Exercise prompt:
What you return should be the full listing, copied exactly and stripped of its pictures.

Information shown:
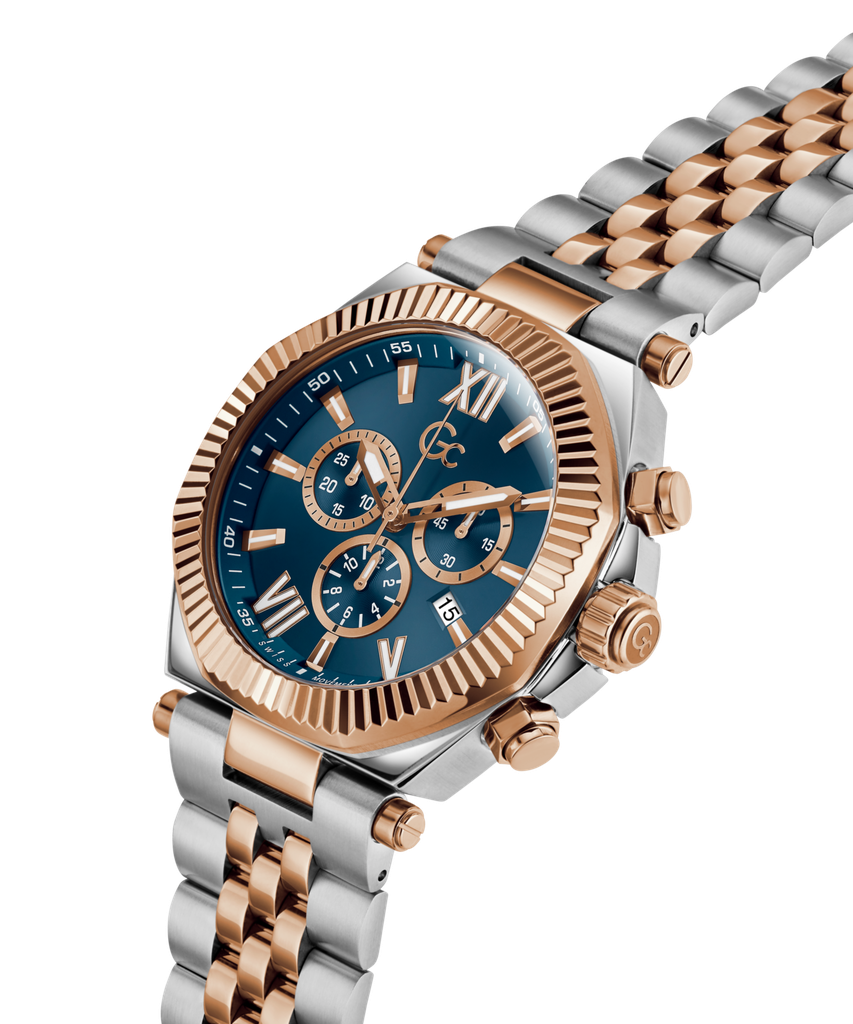 GUESS COLLECTION Z66002G7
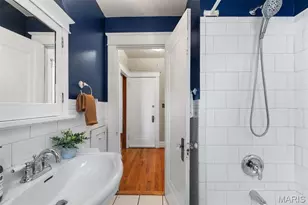 5031 Sutherland Ave, Saint Louis, MO 63109 - Photo 22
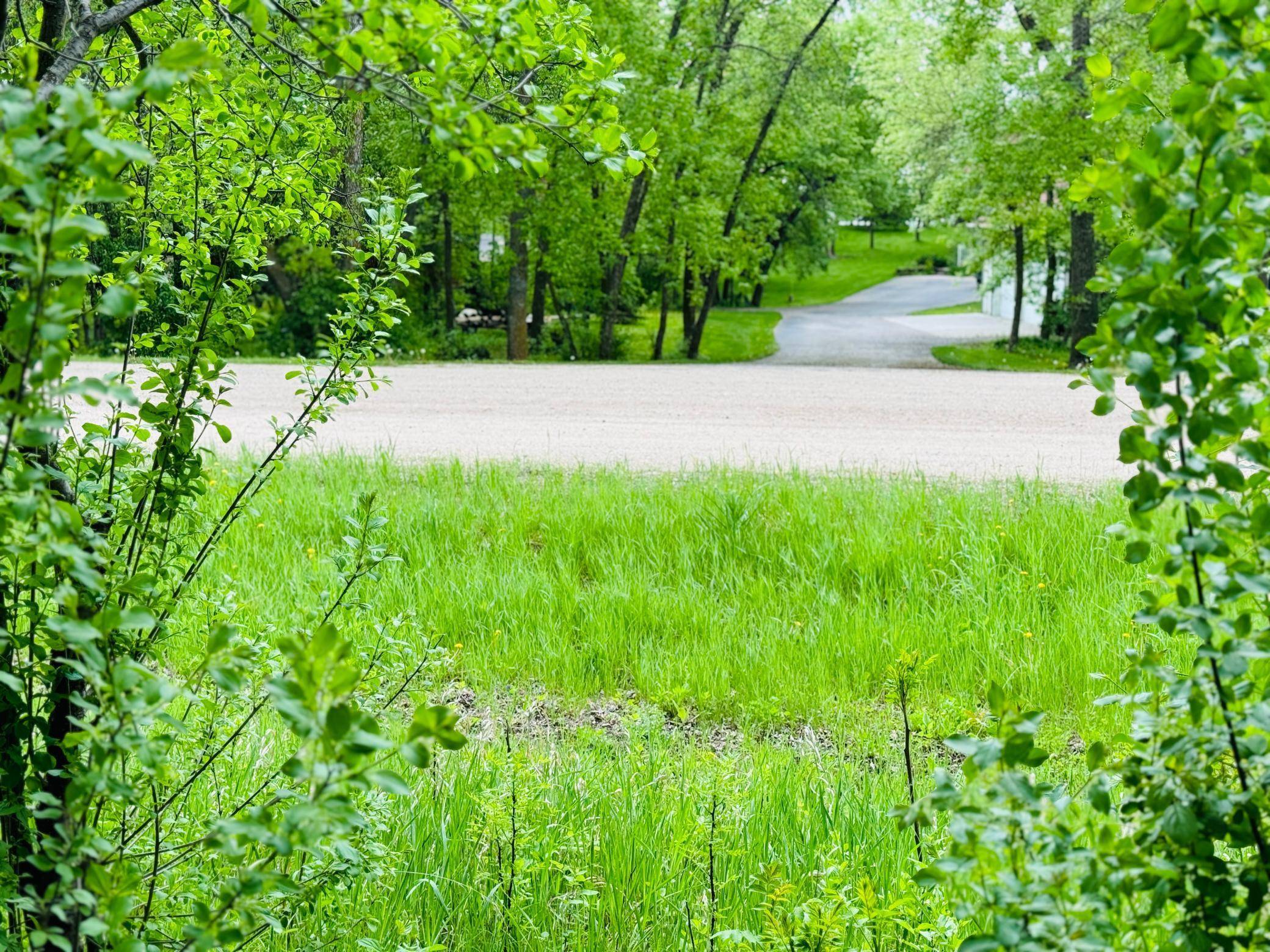 Lot 3 Canterbury Sands Trail, Battle Lake, MN 56515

Task answer:
 GUESS COLLECTION Z66002G7
 5031 Sutherland Ave, Saint Louis, MO 63109 - Photo 22
 Lot 3 Canterbury Sands Trail, Battle Lake, MN 56515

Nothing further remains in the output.